Not What I Hoped
Here’s what I had hoped to get from my second opinion, “After getting to know you, and factoring into account the measures you are taking to implement a healthy lifestyle, I can see that this chemo regimen is appropriate for most people, but is overkill for you. I think you should celebrate what you’ve done thus far, make an appointment with your surgeon to get your ostomy reversed and get back to life.”
The reality was she spent over an hour with us, sincerely listened, and handed me a box of tissues, as I cried when she concurred with the previously prescribed protocol. She agreed that I should go ahead with the next seven rounds of chemo.
My heart hurt worse on the way home from that appointment than it did when I found out I had cancer to begin with; I was so hopeful. The bottom line is God is God and He will provide for me. I am really sad but I know He loves me and will not let me go. This may not be what I consider green pastures but He promised to lead me to still waters and though I walk through the valley of the shadow of death I will fear no evil.
I will call my chemo oncologist in the morning and tell her why I skipped chemo this week and I will schedule my next round. I will go to the Wellness House where I will meet other people who share my misery and who can offer me hope. I will let people know that even though I look good on the outside, I still desperately need prayers and support. I will accept that my bed and I are not done and I will get through this.



Remember all the ladies in WWP are supporting you. I am glad you are going to the Wellness House. You are in my prayers. You CAN do this.
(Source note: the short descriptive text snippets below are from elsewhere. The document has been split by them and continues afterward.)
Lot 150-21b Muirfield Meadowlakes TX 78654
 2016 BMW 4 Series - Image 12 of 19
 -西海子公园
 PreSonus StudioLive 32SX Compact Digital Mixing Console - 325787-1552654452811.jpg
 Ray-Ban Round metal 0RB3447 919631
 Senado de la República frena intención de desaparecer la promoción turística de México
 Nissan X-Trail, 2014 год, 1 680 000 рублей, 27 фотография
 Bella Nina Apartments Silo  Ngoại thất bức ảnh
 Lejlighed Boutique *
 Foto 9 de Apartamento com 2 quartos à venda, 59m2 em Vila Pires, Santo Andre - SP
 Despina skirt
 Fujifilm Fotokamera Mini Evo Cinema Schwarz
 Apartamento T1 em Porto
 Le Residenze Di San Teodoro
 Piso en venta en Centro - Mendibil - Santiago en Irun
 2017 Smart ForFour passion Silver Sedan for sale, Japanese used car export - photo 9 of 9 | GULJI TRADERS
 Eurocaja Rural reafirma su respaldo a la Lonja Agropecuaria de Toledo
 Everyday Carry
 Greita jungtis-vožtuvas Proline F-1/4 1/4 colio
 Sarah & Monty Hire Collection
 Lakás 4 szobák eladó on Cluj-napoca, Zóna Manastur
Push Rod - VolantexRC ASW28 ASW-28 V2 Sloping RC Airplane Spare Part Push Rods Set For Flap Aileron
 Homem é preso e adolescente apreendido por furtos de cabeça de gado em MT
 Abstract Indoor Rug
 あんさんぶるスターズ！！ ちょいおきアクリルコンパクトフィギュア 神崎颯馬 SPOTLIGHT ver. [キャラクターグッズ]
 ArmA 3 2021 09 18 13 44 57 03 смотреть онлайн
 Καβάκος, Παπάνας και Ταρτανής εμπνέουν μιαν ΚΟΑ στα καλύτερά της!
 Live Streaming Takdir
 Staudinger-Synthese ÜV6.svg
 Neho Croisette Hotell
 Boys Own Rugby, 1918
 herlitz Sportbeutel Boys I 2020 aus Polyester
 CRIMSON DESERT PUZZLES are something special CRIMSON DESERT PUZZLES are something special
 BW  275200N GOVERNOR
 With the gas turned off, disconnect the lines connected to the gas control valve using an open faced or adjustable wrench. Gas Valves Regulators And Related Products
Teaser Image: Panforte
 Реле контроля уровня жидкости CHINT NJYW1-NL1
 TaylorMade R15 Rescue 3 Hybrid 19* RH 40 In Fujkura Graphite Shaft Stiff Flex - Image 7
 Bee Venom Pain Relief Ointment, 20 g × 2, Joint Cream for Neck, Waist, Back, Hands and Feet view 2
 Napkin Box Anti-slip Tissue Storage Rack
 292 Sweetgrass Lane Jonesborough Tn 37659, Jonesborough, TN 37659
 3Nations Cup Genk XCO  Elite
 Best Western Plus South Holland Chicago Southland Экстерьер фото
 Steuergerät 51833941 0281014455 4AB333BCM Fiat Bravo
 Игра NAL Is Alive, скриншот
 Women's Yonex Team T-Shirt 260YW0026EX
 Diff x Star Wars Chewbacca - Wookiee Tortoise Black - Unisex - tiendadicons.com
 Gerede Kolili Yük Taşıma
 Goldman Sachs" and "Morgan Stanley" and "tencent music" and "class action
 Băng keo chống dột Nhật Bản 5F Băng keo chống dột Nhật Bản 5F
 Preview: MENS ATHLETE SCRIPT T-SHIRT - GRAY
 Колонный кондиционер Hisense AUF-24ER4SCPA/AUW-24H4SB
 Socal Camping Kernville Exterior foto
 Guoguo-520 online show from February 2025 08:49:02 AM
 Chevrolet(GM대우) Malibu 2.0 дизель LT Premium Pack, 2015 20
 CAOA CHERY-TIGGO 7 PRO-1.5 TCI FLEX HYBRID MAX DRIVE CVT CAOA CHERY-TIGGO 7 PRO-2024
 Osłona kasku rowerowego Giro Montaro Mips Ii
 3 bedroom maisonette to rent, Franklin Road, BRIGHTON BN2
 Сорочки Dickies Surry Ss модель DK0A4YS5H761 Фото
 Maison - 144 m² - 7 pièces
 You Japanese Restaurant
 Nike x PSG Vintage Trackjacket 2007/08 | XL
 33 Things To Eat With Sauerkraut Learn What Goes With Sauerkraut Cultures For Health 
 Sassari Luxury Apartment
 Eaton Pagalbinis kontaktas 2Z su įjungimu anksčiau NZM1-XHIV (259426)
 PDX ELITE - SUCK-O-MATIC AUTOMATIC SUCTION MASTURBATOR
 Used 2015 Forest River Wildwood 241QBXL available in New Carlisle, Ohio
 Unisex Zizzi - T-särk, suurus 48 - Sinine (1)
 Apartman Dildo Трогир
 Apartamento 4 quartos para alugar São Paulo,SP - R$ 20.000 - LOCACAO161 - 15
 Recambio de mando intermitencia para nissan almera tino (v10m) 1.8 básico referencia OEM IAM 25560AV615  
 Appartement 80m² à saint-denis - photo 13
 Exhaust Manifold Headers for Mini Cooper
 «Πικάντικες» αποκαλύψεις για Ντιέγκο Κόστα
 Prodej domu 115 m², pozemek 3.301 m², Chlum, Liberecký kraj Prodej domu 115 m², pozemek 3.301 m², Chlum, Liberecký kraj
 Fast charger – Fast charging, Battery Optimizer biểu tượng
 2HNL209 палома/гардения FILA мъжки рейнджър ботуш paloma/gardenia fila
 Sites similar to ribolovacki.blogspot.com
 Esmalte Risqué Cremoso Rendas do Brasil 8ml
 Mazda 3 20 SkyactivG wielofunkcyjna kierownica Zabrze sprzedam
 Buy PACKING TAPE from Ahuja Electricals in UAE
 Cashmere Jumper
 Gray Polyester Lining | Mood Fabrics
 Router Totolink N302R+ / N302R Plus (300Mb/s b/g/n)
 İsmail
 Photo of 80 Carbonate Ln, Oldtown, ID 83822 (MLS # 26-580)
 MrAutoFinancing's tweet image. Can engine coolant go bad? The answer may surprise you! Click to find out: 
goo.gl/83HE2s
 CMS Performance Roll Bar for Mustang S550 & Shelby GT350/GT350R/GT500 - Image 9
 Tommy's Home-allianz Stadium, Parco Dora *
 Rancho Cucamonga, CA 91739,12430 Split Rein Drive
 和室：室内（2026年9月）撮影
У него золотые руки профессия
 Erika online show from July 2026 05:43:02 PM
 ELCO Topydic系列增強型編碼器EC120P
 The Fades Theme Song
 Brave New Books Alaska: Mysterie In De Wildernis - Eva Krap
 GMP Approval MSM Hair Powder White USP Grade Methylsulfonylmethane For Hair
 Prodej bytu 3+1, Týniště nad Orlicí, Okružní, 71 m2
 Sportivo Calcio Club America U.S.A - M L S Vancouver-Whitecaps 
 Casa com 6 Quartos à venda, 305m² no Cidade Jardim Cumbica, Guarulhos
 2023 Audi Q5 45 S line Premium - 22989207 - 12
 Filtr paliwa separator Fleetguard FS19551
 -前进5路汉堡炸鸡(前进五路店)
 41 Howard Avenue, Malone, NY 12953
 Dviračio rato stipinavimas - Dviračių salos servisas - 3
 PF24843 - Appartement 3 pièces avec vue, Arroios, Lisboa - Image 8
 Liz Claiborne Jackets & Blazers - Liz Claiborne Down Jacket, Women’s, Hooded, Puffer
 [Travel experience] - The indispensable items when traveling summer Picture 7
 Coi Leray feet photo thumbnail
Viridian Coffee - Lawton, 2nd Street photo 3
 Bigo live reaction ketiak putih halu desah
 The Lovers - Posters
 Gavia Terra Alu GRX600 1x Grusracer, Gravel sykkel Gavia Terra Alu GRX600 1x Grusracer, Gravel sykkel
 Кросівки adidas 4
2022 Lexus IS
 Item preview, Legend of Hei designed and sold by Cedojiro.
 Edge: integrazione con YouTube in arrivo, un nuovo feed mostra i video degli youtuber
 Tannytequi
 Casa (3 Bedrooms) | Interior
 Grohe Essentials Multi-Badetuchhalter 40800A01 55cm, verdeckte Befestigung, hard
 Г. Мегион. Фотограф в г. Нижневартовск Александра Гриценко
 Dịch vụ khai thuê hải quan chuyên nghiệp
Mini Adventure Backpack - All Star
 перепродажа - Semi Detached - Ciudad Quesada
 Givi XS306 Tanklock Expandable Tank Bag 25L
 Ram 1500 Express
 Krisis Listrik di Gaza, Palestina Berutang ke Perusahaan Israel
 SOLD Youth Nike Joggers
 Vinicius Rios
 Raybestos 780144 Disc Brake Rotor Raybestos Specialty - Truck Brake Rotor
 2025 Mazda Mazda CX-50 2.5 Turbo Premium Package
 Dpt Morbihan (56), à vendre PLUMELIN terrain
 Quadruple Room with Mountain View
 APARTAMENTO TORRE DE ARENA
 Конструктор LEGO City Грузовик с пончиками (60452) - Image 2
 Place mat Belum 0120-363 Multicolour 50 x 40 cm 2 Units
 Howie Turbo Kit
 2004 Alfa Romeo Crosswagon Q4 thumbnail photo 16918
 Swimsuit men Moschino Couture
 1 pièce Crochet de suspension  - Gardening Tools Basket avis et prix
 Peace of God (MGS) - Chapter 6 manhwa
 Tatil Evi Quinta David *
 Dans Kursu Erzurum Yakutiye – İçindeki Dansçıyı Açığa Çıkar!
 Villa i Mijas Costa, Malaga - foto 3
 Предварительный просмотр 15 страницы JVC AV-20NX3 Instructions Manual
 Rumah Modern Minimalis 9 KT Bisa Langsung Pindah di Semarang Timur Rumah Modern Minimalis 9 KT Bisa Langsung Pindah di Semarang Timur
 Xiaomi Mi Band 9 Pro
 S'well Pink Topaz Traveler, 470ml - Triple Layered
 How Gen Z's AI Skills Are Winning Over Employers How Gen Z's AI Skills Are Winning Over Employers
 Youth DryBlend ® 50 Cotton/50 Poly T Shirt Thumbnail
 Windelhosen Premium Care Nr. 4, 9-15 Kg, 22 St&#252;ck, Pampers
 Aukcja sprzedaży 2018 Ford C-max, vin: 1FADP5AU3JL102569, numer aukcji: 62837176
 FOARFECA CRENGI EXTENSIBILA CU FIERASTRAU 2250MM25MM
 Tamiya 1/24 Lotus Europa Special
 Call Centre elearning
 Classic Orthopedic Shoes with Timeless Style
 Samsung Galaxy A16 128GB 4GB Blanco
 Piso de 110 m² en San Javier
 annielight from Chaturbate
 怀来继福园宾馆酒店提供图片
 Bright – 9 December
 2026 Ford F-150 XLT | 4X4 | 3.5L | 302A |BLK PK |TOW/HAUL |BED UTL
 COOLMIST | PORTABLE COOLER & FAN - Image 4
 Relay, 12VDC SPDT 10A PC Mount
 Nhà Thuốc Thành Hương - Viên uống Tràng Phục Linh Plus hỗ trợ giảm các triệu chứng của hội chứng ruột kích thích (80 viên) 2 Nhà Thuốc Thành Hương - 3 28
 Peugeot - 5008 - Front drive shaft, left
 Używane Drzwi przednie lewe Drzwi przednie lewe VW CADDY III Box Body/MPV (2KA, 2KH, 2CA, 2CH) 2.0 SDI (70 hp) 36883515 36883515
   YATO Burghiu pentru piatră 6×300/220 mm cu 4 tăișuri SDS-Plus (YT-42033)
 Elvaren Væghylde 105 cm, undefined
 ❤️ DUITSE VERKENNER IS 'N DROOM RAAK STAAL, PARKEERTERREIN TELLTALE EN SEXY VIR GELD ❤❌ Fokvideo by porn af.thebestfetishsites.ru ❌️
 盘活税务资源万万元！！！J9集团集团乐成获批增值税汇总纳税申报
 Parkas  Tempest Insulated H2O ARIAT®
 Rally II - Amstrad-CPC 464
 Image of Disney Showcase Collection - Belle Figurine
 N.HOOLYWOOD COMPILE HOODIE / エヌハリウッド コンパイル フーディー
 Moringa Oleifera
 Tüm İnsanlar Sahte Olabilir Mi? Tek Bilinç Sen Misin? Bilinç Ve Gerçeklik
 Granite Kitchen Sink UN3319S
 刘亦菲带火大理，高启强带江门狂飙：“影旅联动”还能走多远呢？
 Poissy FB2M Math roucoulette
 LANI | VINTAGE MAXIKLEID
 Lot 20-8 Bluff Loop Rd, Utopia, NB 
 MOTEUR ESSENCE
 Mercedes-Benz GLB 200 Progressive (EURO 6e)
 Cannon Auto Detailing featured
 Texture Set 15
Dearest Charlotte, I will pray for you daily. I pray at the Wellness House you will get the Hope and encouragement you need. I am sort of dense what way can I support you? I Love Girlfriends for God, Hang on to GOd , burying your head in his shoulder blade. Enjoy the break. God bless you and may you strongly feel our Lord’s loving arm. Listen at this moment “There will be a day” remember the angels hold your tears in their hands.
So Sincerely , Suzanne
Dear Charlotte,
Although we haven’t met, I’m following your journey and you are an amazing woman of God. He will be your all in all. Blessings….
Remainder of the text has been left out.